林田氏 企画の概要を最初に聞いたとき、「面白い」という気持ちと、「どうやって社内を説得しようか」という気持ちがせめぎ合いました(笑)。テレビCMに通常の15秒や30秒ではなく180秒のバージョンも必要という話でしたし、予算も余分にかかる。ただ、正親さんが提示してくれた内容には、こちらから依頼した要望にすべて答えてありました。今までと全く違う切り口で、お客様と共有型のキャンペーンでもある。トップブランドであり続けるために大胆な挑戦をすべきだ、と判断してゴーサインを出しました。

ブランドと顧客との楽しい絆をどう描くか

林田昌也氏 林田昌也氏

正親氏 第1弾は、「夢」を決めるまでがいちばん大変でした。まず、「普通の人々が持つ夢」を探すため、ウェブの調査網を活用しました。対象は3万5千人。映像化したら面白そうな夢を持った人を30人程度にしぼり、インタビューに応じてくれた方は十数人。この中に、「プロレスラーになって長州力と対戦したい。」という夢を持った寺島力さんがいました。第1弾に登場していただいた方です。20歳くらいまで本気でプロレスラーになりたいと思っていた方で、奥さんも協力的で、お話を聞けば聞くほど、「この人しかいない」と思いました。
  僕はあまりプロレスには詳しくなかったのですが、当社内からは「長州力さんに出ていただいたら、すごいことだよ」「撮影なら、いいタイミングで全日本プロレスのファン感謝デーがあるよ」などという情報も入ってきました。全日本プロレスに打診したところ、非常に協力的で、「ファン感謝デー」での撮影をOKしてくださいました。
  振り返ると、寺島さんも全日本プロレスの方々もいい人ばかりで、長州力さんもすばらしい方でした。無理なお願いが多かったと思いますが、いろいろと心を配ってくださり、制作班一同、感謝の連続でした。

林田氏 長州さんと酒席を囲んだそうですね(笑)。

正親氏 はい。長州さんの周囲では、お酒を飲むことを「馬力をつける」と言うそうですが(笑)、撮影前に制作にかける思いを聞いていただきました。そうした心の交流も、少なからず本番の成功につながったのではないかと思っています。
  ちなみに、寺島さんが本番に備えて練習する風景は、当初はCM映像に入れるつもりはありませんでした。「楽しく酔える」イメージが大切で、努力や感動を打ち出す必要性を感じていなかったのです。ただ、プロセスは撮っておきたいと思い、寺島さんに密着するメイキングの演出家をつけました。
  また、本番撮影にあたって林田さんに感謝していることがあるんです。「飲むシーンを映してほしい」「商品の中身を見せてほしい」といった注文を一切されませんでした。意外であると同時に、企画への理解の深さを感じました。

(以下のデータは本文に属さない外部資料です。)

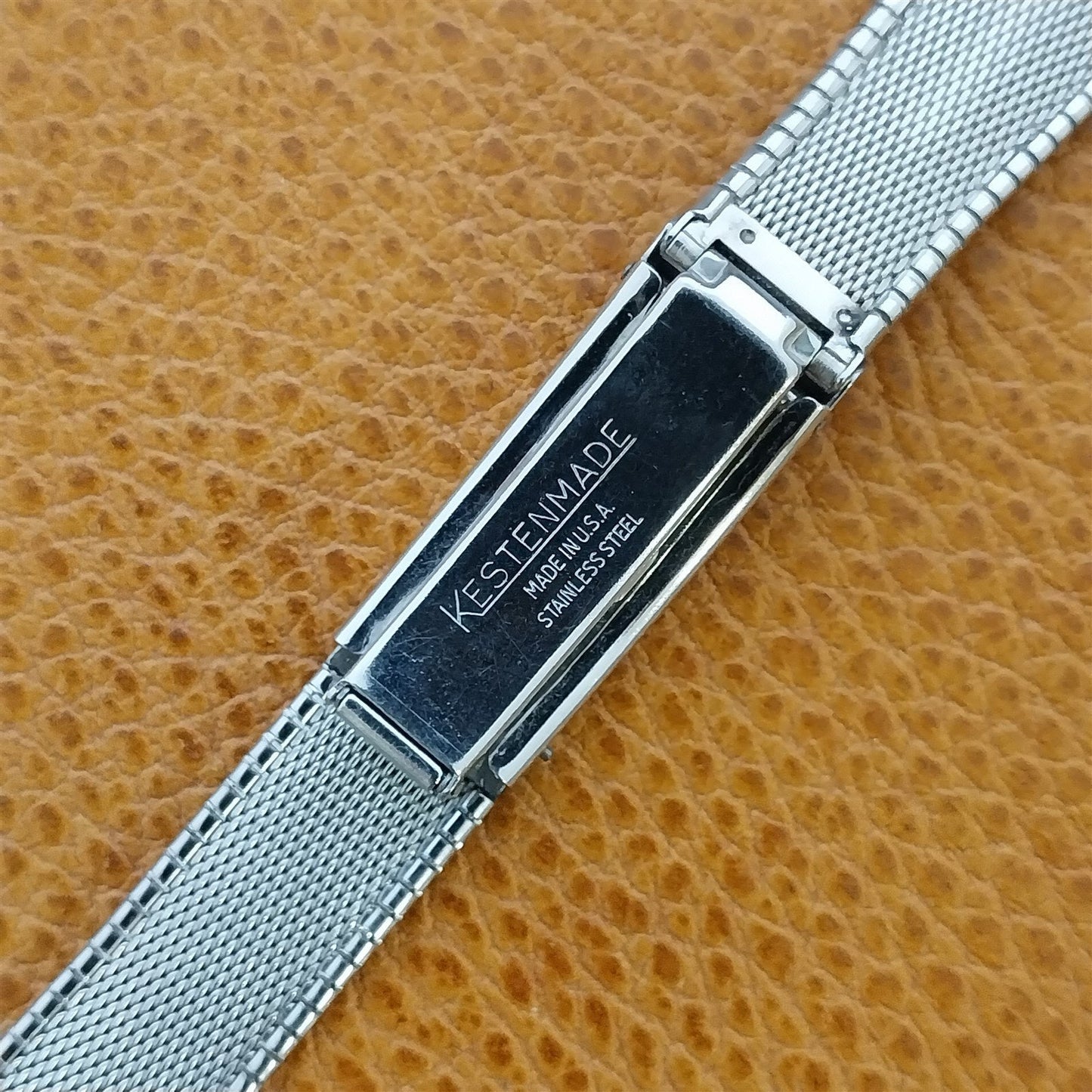 19mm 18mm 1960s Kestenmade Stainless Steel Deployment Unused Vintage Watch Band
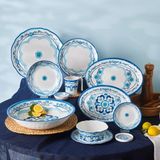 Karaca Blue Harmony Melamin Servis Tabağı 35 cm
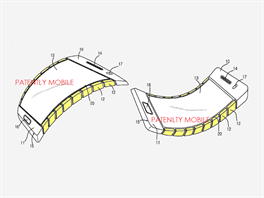 Koncept smartphonu Samsungu s flexibilním asi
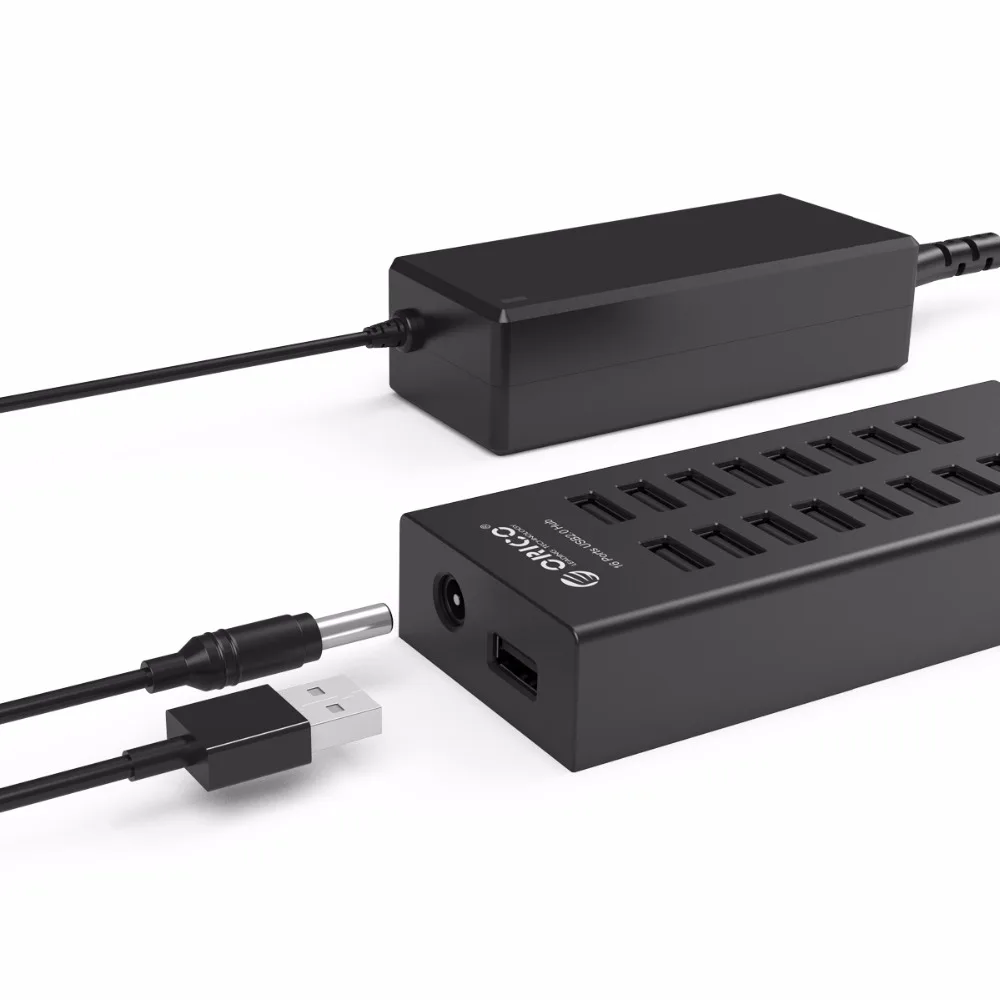 USB разветвитель ORICO H1613 16 портов 2 0 12 В А|USB-хабы| |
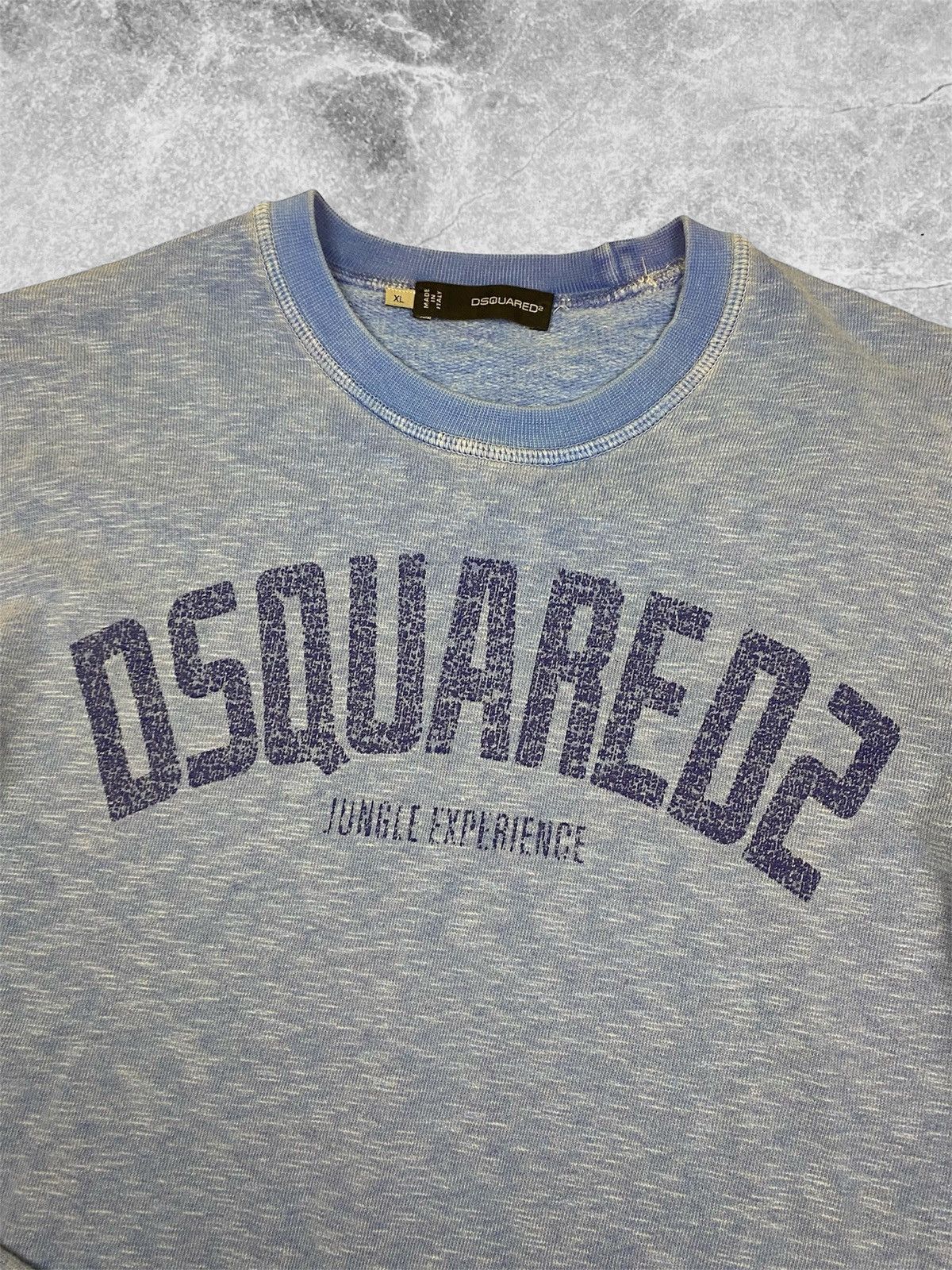 Dsquared2 Dsquared2 Jungle Experience Blue Melange Sweatshirt: Sz:XL Size US XL / EU 56 / 4 - 2 Thumbnail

林田氏 その姿勢は、今回に限ったことではありません。飲んでいるシーンをただ見せて、「ああ、おいしい!」というだけでは、それこそ一方通行の広告になってしまいます。商品がどう見えるかではなく、ブランドと飲む人との楽しい絆をどう描くかに重点を置くべきだと考えていました。結果的に第1弾の反響はとても大きく、正親さんは狙っていなかったかもしれませんが、「感動した」「泣けた」という声もたくさん届きました。その勢いを引き継ぎ、第2弾を3月1日から開始しました。
  第1弾と同様、「応援したくなる方」をいかに探すかが、このキャンペーンのカギとなると思っていました。また、いろいろな方との双方向コミュニケーションを実現するため、今度は女性の「夢追い人」がいいと考えました。

正親 篤氏 正親 篤氏

正親氏 何もかもがうまくハマった第1弾の奇跡が再度起こるかと内心ハラハラしていましたが、「もう一度バンドを組んでステージで演奏したい!」という夢を持つ延真知子(のぶまちこ)さんを発見して、ほっとしました。THE ALFEEという強力な助っ人を得られたのも幸いでした。
  夢をかなえるライブは、中野サンプラザで開催しました。「MACHIKO BAND WITH THE ALFEE」というポスターもつくり、延さんとバンド仲間がライブ会場にピンクのバスで乗り付けるなど、第1弾にない趣向も用意しました。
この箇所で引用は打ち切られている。